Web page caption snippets
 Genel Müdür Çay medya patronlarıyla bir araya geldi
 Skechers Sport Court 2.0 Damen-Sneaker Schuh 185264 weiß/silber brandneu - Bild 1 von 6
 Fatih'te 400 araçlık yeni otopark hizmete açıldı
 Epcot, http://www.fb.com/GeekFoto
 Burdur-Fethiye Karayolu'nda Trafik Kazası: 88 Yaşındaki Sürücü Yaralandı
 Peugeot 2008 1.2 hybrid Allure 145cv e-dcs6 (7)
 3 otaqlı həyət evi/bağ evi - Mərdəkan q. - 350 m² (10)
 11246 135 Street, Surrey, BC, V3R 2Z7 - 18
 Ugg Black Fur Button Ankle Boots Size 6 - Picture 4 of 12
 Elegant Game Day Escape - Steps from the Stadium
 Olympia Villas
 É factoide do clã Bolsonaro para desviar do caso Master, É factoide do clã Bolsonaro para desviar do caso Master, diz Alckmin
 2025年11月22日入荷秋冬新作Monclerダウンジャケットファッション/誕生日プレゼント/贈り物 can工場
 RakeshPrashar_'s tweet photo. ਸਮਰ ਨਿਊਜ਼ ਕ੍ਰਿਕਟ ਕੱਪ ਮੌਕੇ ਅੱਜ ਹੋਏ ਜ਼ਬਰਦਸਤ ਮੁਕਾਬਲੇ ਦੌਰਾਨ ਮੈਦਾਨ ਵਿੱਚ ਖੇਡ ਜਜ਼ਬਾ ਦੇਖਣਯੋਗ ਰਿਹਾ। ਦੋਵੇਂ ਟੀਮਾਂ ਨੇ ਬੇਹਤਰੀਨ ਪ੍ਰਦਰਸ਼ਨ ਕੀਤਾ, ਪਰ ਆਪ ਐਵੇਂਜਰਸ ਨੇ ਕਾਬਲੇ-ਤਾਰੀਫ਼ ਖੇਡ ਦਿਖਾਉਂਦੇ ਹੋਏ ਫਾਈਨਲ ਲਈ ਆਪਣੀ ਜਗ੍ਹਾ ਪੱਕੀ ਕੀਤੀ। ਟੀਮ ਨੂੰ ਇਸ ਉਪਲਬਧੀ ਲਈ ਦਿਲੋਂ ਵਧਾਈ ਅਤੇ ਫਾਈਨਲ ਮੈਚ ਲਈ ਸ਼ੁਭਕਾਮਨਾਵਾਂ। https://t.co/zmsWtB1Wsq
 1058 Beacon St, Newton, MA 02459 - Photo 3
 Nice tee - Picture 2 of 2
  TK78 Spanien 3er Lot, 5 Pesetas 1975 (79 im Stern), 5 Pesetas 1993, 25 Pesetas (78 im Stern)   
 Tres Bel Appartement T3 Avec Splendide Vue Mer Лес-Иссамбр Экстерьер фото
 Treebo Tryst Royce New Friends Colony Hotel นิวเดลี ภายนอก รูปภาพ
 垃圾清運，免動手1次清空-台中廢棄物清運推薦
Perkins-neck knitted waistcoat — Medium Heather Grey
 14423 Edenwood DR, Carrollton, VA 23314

> _Exercise instructions_
Locate the lines above that hold the word "Picture". Show every one of them.

> _Response area_
 Ugg Black Fur Button Ankle Boots Size 6 - Picture 4 of 12
 Nice tee - Picture 2 of 2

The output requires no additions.